I am empathetic. I always have been. I can remember article headlines from when I was a child and weep now. I can recall nightmares I had when I was young and they can still choke me, a 36 year old mother and wife in broad daylight. It’s why I can’t watch anything intense and have to be very careful about what I take in through media.

I recently started a show that was suggested to me to start after I watched Bridgerton three times and ran out of things to rewatch. It was WAY too intense for me. The violence, rape, death, sadness…it was all too much. It haunted me. Unfortunately, I also get completely swept up into unfinished stories. I hate it. It’s why I’ve stayed up until the early morning hours to finish a book or a show or read spoilers so I can sleep knowing how things ended. This show has been that for me.
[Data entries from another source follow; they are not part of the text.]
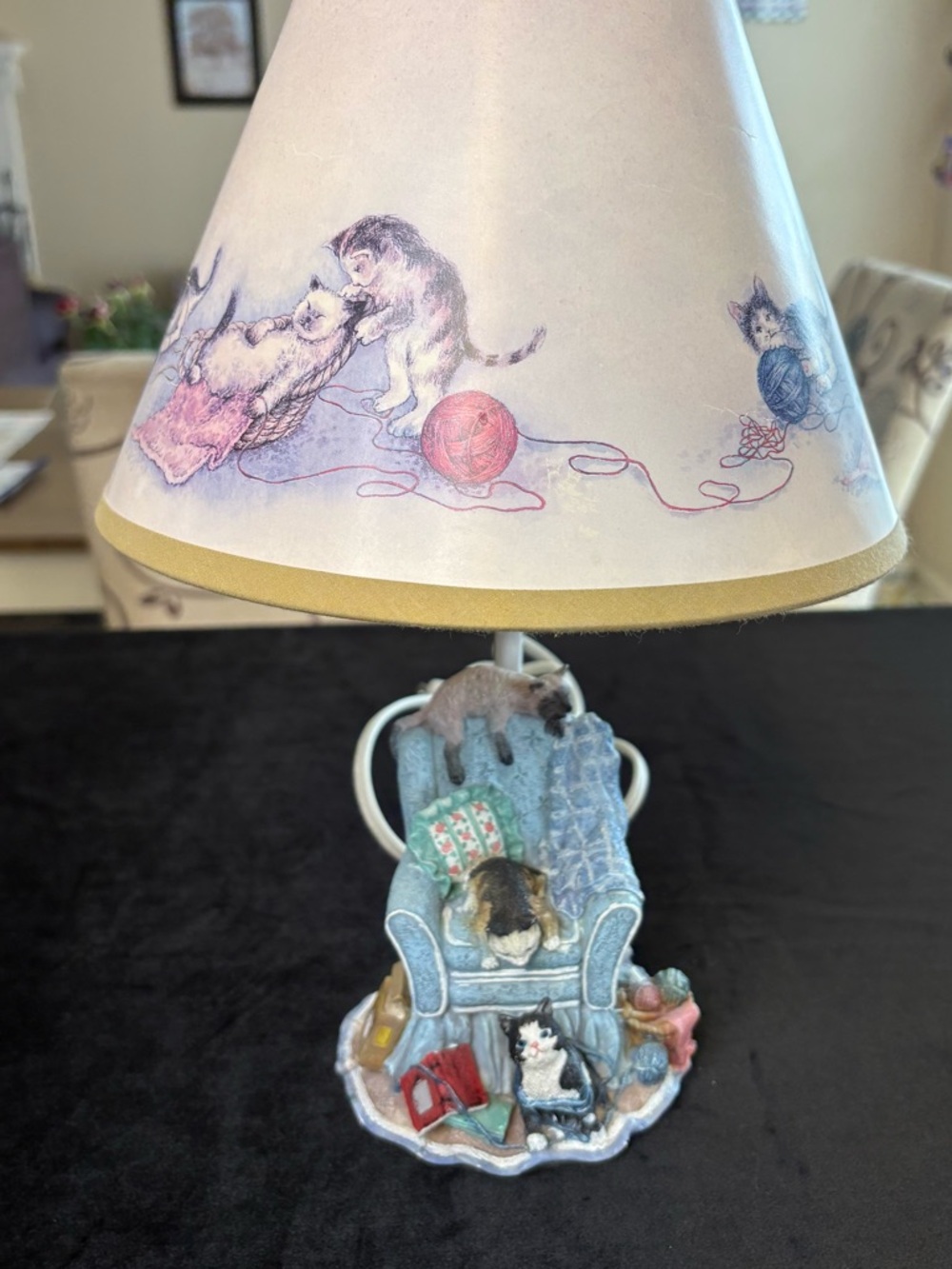Vintage 80’s Kitten Table Lamp/ Desk Lamp Kitten Lamp Shade - Picture 10 of 13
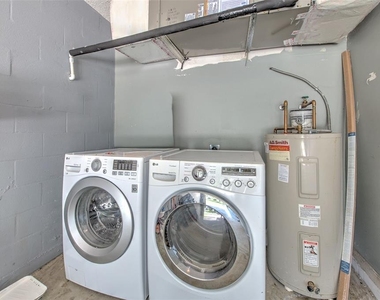 319 Abigail Road - Photo Thumbnail 24
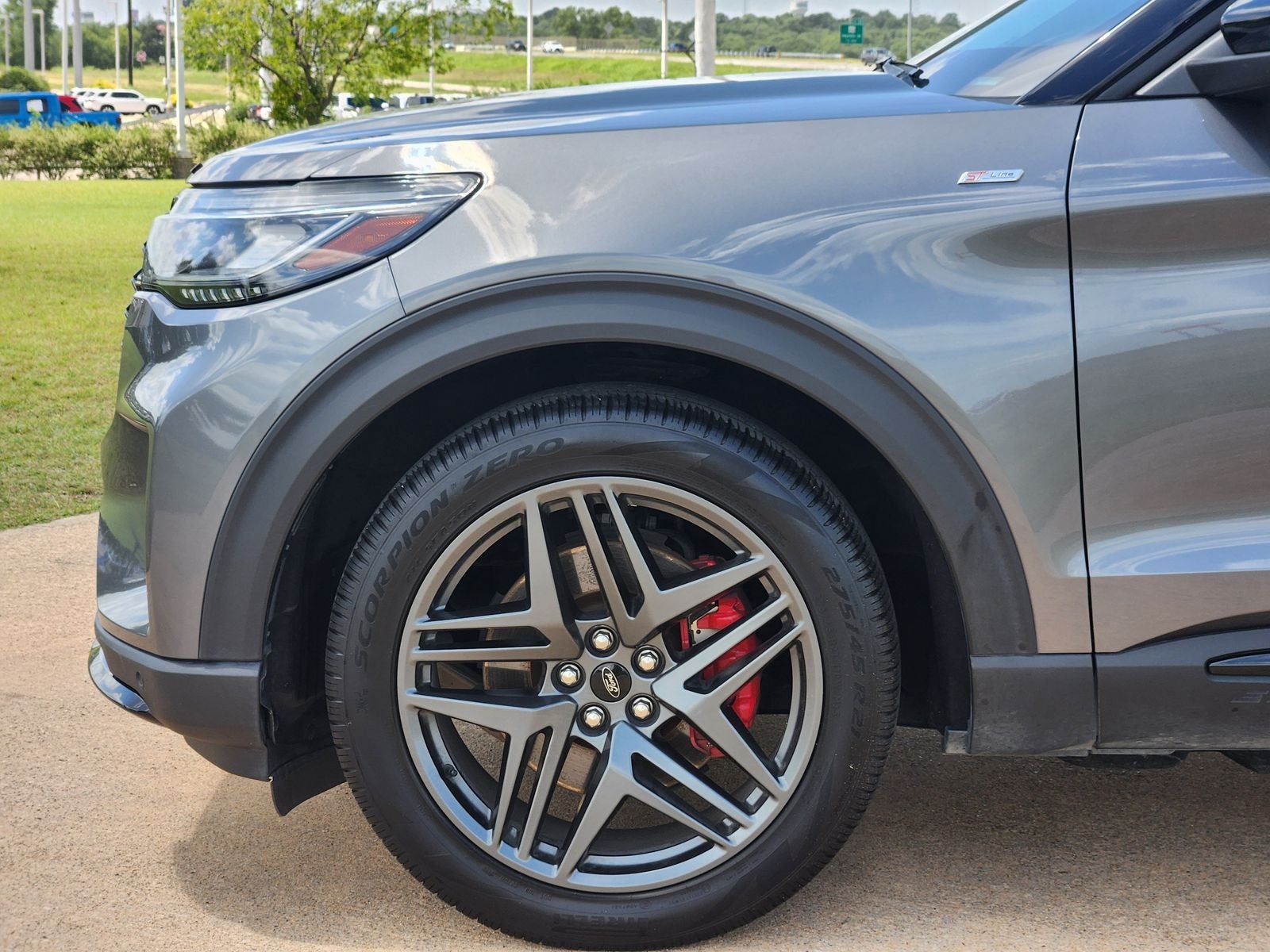 2025 Ford Explorer ST-Line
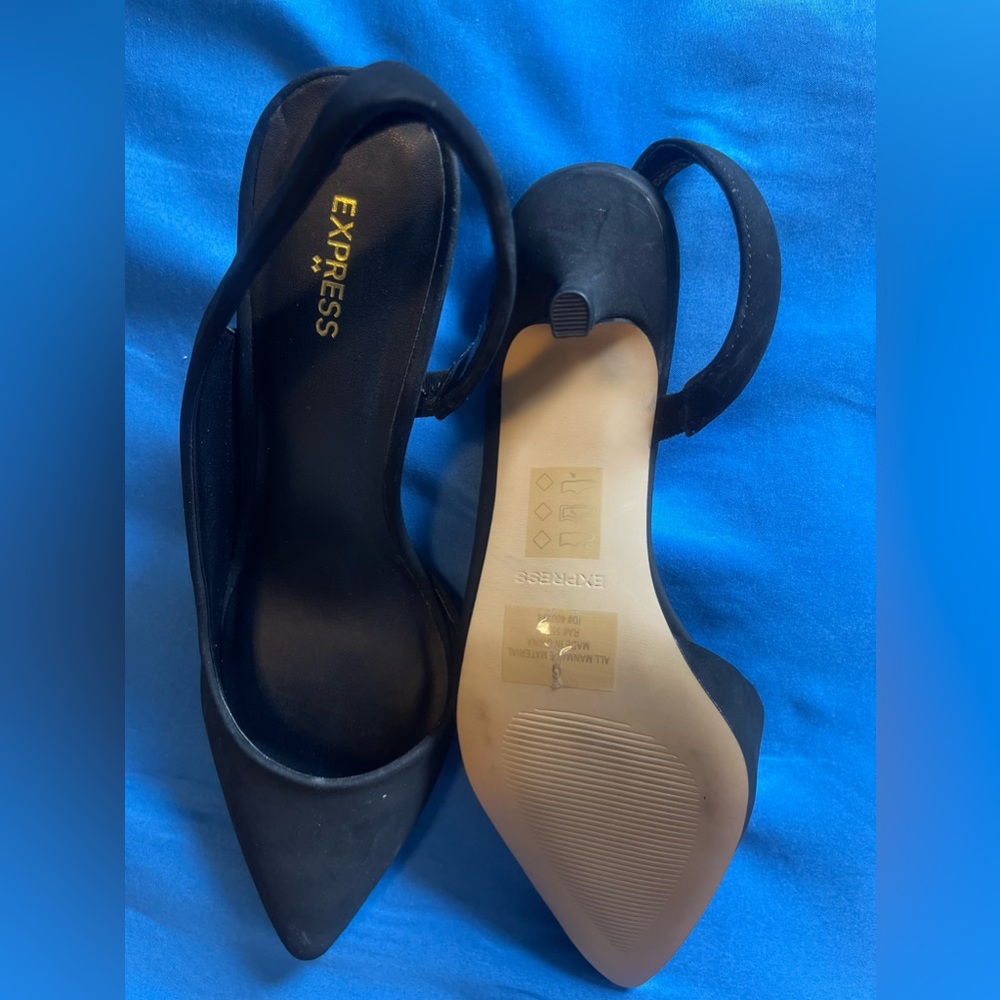 Express, size 6, black suede 3” heels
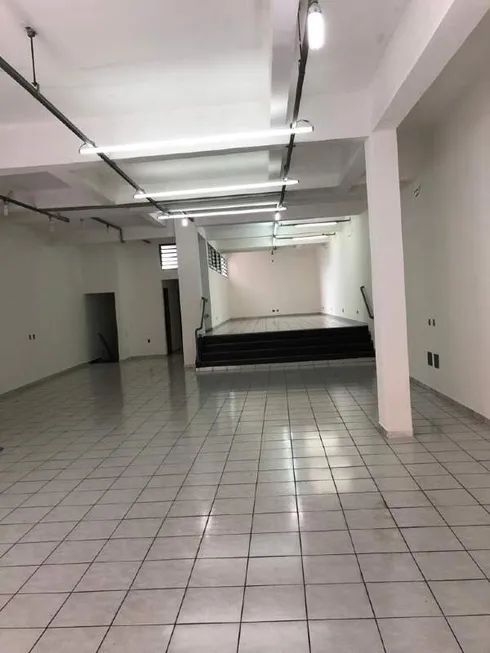 Foto 1 de Sala Comercial para alugar, 200m² em Vila Carrão, São Paulo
In this show, at the point I am watching, the main characters are back in time. They’re in the late 1700s in the American colonies. I’m watching them take in the horrors of slavery and watching them try to take a stand. They try to save lives. They try to fight for humanity. And I am overwhelmed. I’m overwhelmed listening to how these people speak of the natives and the slaves. How they are regarded as less than most pets today. I don’t understand. In the same way I can’t comprehend evil and child abuse and human trafficking and war. I can’t wrap my brain around not seeing the humanity in another.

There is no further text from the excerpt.